DW: The planning process takes up the most time, especially when you have limited resources on island. This year I started planning three months in advance of the costume launch and began developing a team to assist in the areas I’m not as skilled in, such as feather construction and sewing costume bases; but they were done under my design supervision.
It’s like a puzzle, and every piece is so important to the next. I buy what I like, and then I spread it all over my dining table and have fun “playing with the pieces.” I’m not one to draw out my design beforehand. I will start with an idea, and many times halfway through it changes. I allow my intuition to lead, and if it sparks joy in me, I proceed.
What advice would you give for someone who wants to take part in carnival but is too shy or modest?
DW: Go for it! Be bold and fearless. I promise you, when everyone is on the road and that soca music starts playing, we are all the same standing as one band in unity — no matter your body type. This is the time to let go of insecurities and allow yourself to shine.

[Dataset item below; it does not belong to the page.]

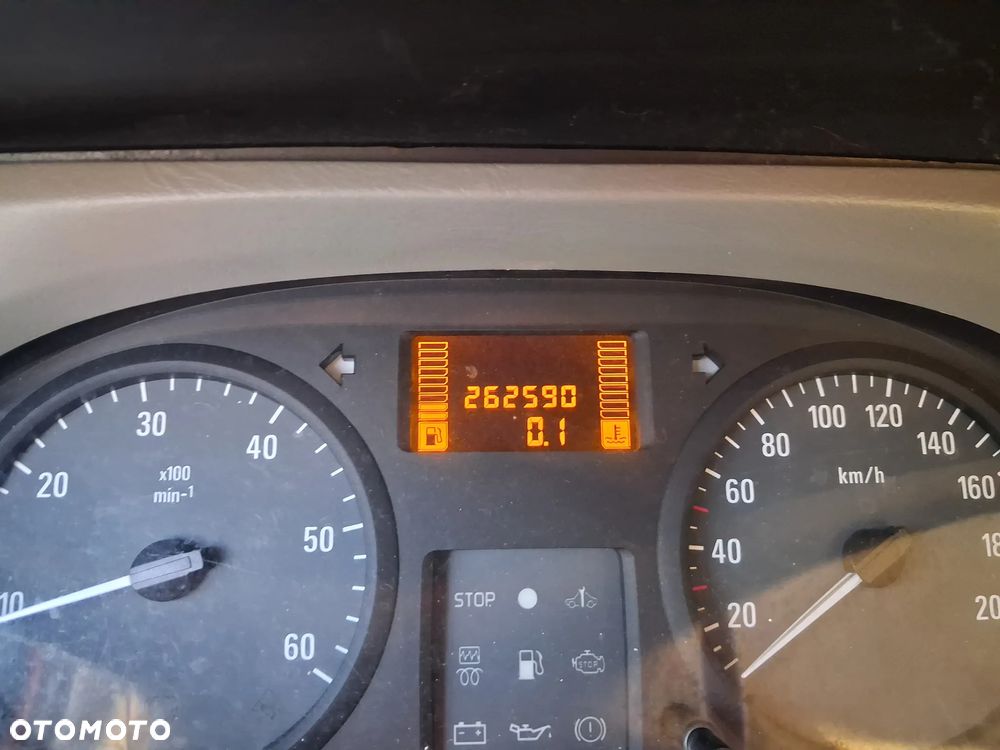 Opel Vivaro - 16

Nik Stewart and Tigerlily Hill have joined forces for several fashion projects in the United States, but this is the first time the Cayman-born design duo collaborated as costumiers for Batabano. Stewart is a busy model who won the title of Caribbean’s Next Top Model in 2013, whilst Hill is an award-winning fashion designer and celebrity stylist. Together, they’re best friends and brand-building influencers with their own swimsuit line and talent management agency.
What was your inspiration for designing these costumes?
TH: Our approach was artful, majestic and unassuming. With the theme of “magic,” we knew the central accord would be all about fantasy, which is why we incorporated complementary, iridescent, metallic colours to bring our female and male costumes to life.
NS: The women’s crown is meant to evoke a beautiful eccentricity that matches the harmonious cosmopolitan atmosphere of the Cayman Islands… we wanted our diverse section of girls to exude magnificence, strength, beauty and empowerment. The men’s costume, on the other hand, is meant to be a complete reflection of the women’s in the form of a resilient echo. This is why we constructed the kaleidoscopic shorts out of reflector fabric. All of the costumes are made from environmentally friendly fabric.
How did you go about creating these costumes, and how long did it take?
TH: The costumes took a full two weeks. We began by sourcing fabric, then hand-constructed the silhouette and hand-sewed the first sample for the women’s costume before amply embellishing with crystals, jewels, rhinestones, beads and other accoutrements. The wings (also known as the backpack) took a few extra days based on the sheer size. With the men’s form we collaborated with a manufacturer in getting the goggles completed, then we sewed the cloth mask and shorts. After both samples were completed, the last step was to have a production sample sewn and have the costumes be mass-produced for carnival.
Why does the costume have different styles?
NS: We didn’t want a division, so we created essentially one costume so our group of girls will experience togetherness yet exclusivity. A plus-size option (fuller bottom) is available, as we are on a mission to promote body positivity.